– Да, – вспомнил эксперт, – ты разобрался с уборщицей? Ну, которая…
– Конечно! – Детектив допил очередную кружку и промокнул салфеткой усы. – Она приходила к Гамову убирать по вторникам и пятницам. Утром в пятницу у нее случился приступ радикулита, не могла разогнуться. К вечеру все прошло. Врач, к которому женщина обратилась в понедельник, сказал, что никакого радикулита у нее нет в помине, а приступ… ну, мало ли, всякое случается…
– Иными словами, если бы не этот неожиданный, необъяснимый, чрезвычайно маловероятный приступ…
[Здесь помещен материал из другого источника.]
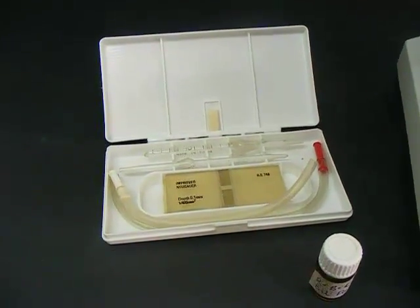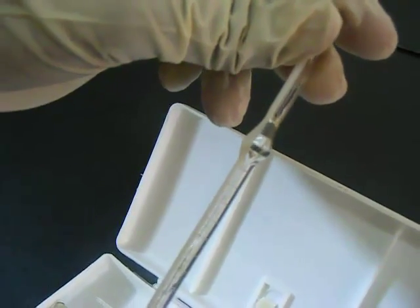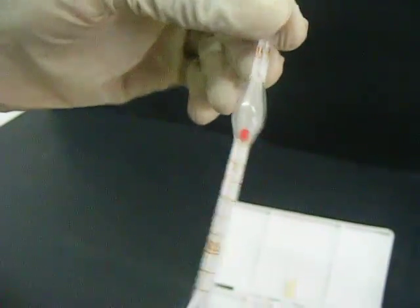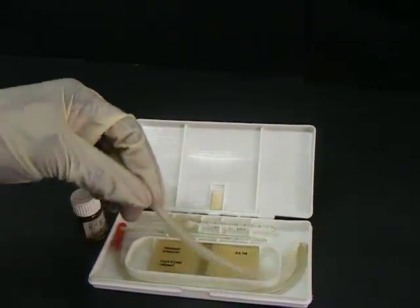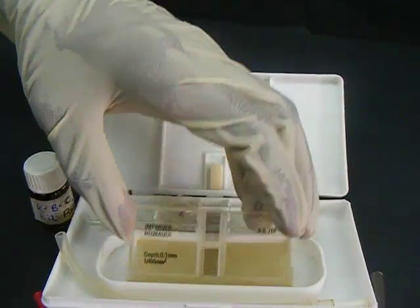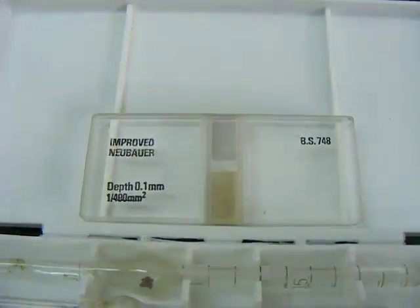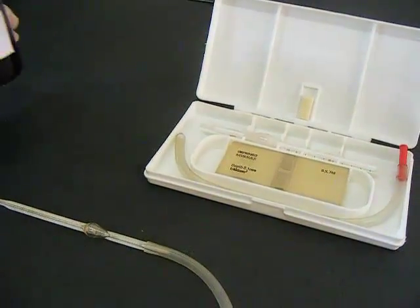In performing a white blood cell count, a microscope and a hemocytometer apparatus are needed. A hemocytometer apparatus consists of a white blood cell pipette, a red blood cell pipette, a cover slip, a plastic tube, and an improved Neubauer hemocytometer of depth 0.1 millimeter and area 1/400 millimeter squared. A white blood cell dilating fluid is also required.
– Миссис Роджерс, как обычно, постучала бы в шестнадцать часов в дверь Гамова, не услышала бы ответа, открыла бы дверь ключом, который у нее был, прошла бы на кухню за шваброй и тряпкой, как делала всегда…
– Ужас, – прокомментировал Розенфельд. – И ничего не докажешь.
– Ничего, – согласился Сильверберг.
– Еще одна косвенная улика, – продолжал Розенфельд. – Я, конечно, не спец в квантовой физике и всех этих вероятностях, но… В общем, могу утверждать, что Бернс куда более талантливый математик, чем Гамов. У них несколько совместных работ, я их просмотрел. Посмотрел работы, написанные каждым в отдельности. Готов свидетельствовать под присягой: Гамов великолепный физик, идеи – блеск, но математик посредственный. Бернс – наоборот. И никто не убедит меня в том, что пресловутую функцию перераспределения вероятностей Гамов рассчитал сам.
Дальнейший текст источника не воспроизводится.